Source data
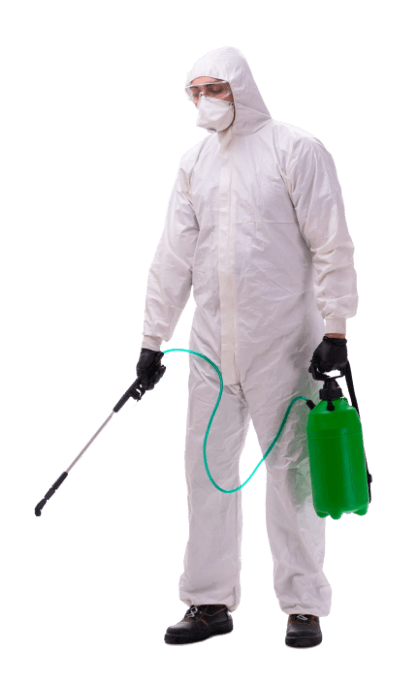 Man applying pest products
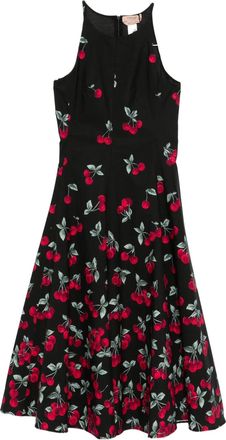Twin-Set Black Fitted Midi Cherry Print Dress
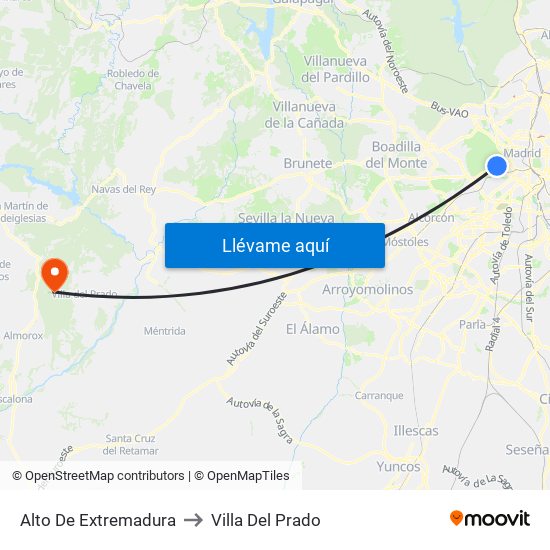 Alto De Extremadura to Villa Del Prado map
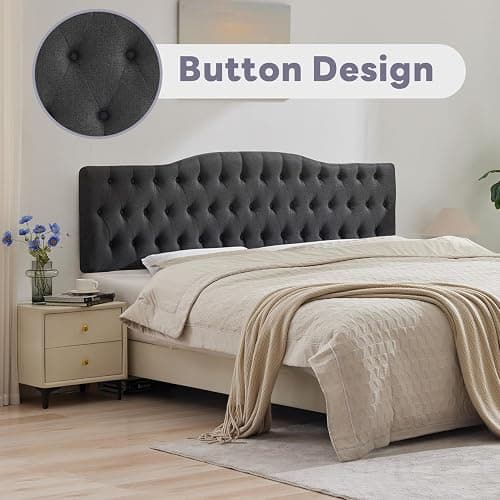 Iroomy Upholstered Queen Headboard, Button Diamond Tufted Headboard with Adjustable Height and Solid Wood Leg, Linen Padded Headboards for Queen Size Bed, Modern Head Board, Dark Grey thumbnail 4
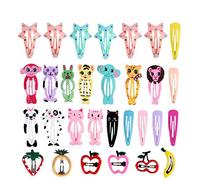 FRCOLOR Children's Hair Clips 30pcs Girls Metal Snap Hair Clips Animal Pattern for Kids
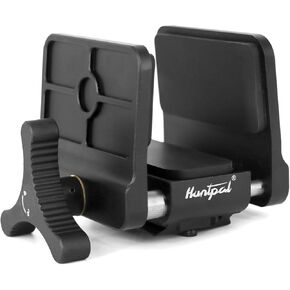 HUNTPAL Gun Rifle Clamp Shooting Tripod Rest with Arca-Swiss Switcheroo Capability, Aluminum Shooting Stick Mount Head with 1/4" 3/8" Screw Holes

▸ WHAT YOU SHOULD DO:
An exact copy of the entries above is required; pictures are not part of it.

▸ YOUR SOLUTION:
 Man applying pest products
Twin-Set Black Fitted Midi Cherry Print Dress
 Alto De Extremadura to Villa Del Prado map
 Iroomy Upholstered Queen Headboard, Button Diamond Tufted Headboard with Adjustable Height and Solid Wood Leg, Linen Padded Headboards for Queen Size Bed, Modern Head Board, Dark Grey thumbnail 4
 FRCOLOR Children's Hair Clips 30pcs Girls Metal Snap Hair Clips Animal Pattern for Kids
 HUNTPAL Gun Rifle Clamp Shooting Tripod Rest with Arca-Swiss Switcheroo Capability, Aluminum Shooting Stick Mount Head with 1/4" 3/8" Screw Holes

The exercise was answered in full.